Problem with generting PSSM
0
0
Entering edit mode
2.3 years ago
hasib1624 • 0

I am trying to generate pssm matrix of some protein sequences using psi-blast, using nrdb. But I am having some erroneous format as output in some cases, the problem prevails after multiple run. e.g.

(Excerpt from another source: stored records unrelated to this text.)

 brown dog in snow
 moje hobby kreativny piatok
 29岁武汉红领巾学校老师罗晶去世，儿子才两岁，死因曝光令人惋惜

For this protein sequence :

MFLKDLGCGTNTCQNLPFDVTPVYSVFDFKGRIKFETDLNAPEVQANLGKVGYLVNEDIEGLIRYDEYYSEEDDLFAYTNGDYPNQFYACQLREHGNMRYKFVRTLGYAFTAITVPENDPIYTIIVYDDGLPEPSTTTLSPSQHVFQTNPIWTILKNSKNGTQGVGAVNLPWTPPVSASPIEPTNVCLLNGNSSVLSRCGEIDRMLQFFDDTHVYIGFKDSIQDASNTYIYSYIGYAFTSSENTCGIPLEPIRELYKYGVGFTSVAGEKYTELISNGYSLTRKVLGYTIDCASATNGELVVTIPDGLSTATPLSSLSTASTPTKTVGFYTRPVQIVSNPSGGLQGYWIEYFDTSSFPRNPLYSTNVCLFLANSSVITRCGHARNLYQYHDTVDNFVFISLYTFGRTVESLPLGVAFETSEKTYYNVVAGDDYQNLLDQGYNITGNIMGYTIDCKDANDEFVYGYLPNSDEFETTTVAGRYGFKVDTVKIVFPNTGSVEYEDNGYWVNTPKRPLVTFVRDTNVCVFREDLETVEKCGATKPLYLYINKNNGGYFMGIQSFGRNLTSTELVGVAFESTENTCGLKLYPMREFYGRPGYDVHAGEDYEEITAAGYNQTGNIMGYTVDCRDAIGGTVYGHLPNTIPEEPTKPSQSTSPSTPSTPPNRIGFYVERVFLVGPKSGIAGQQGYTLKIVSNLDPDTEVRGETNVCVITGNFLEIDTCADFTQTFNSYFDANDNYYYVARDTGRPVTKAGIIGTTFSSQENLCGLNVVPIRELYKEGVGYNAVAGDDYQSLLDEGYTLNGRIMGYTVDCNDAENDFVYGFLPTTTTITKSTVSTTTAPLNRFRLSPVYIIYPTEYYLQNQQEGSHVATRLGFIQHDGAGVTNACVFLSDPSIVALCGTTAPLYLYFDRVRVAYFVGTHSAGRNVSIERAATVFESAGNTCGFTLLPLREFYKDGTGYNLHAGDDYELLVNGGFVATGNIMGYAPDCRDNGFHEPDLKDYVSPTTTTRTPEPTDTSEPGKCNKNLVTLGTTNKNRTFEMNVQYGAVTTLENKRTMTVYCQGTPTYNIYMTWDGNAVSGRNTVSGLVELNLECSLVDGKDNWVTENSNHRVTFVRCDEAYNYLQQ


I am getting a pssm with this type of ending Fault of generated pssm. But to my understanding it should end at line 1133. Then what do the following lines mean? Even values of K and lambda for two cases are different. The link of the whole pssm is hereWhole pssm matrix .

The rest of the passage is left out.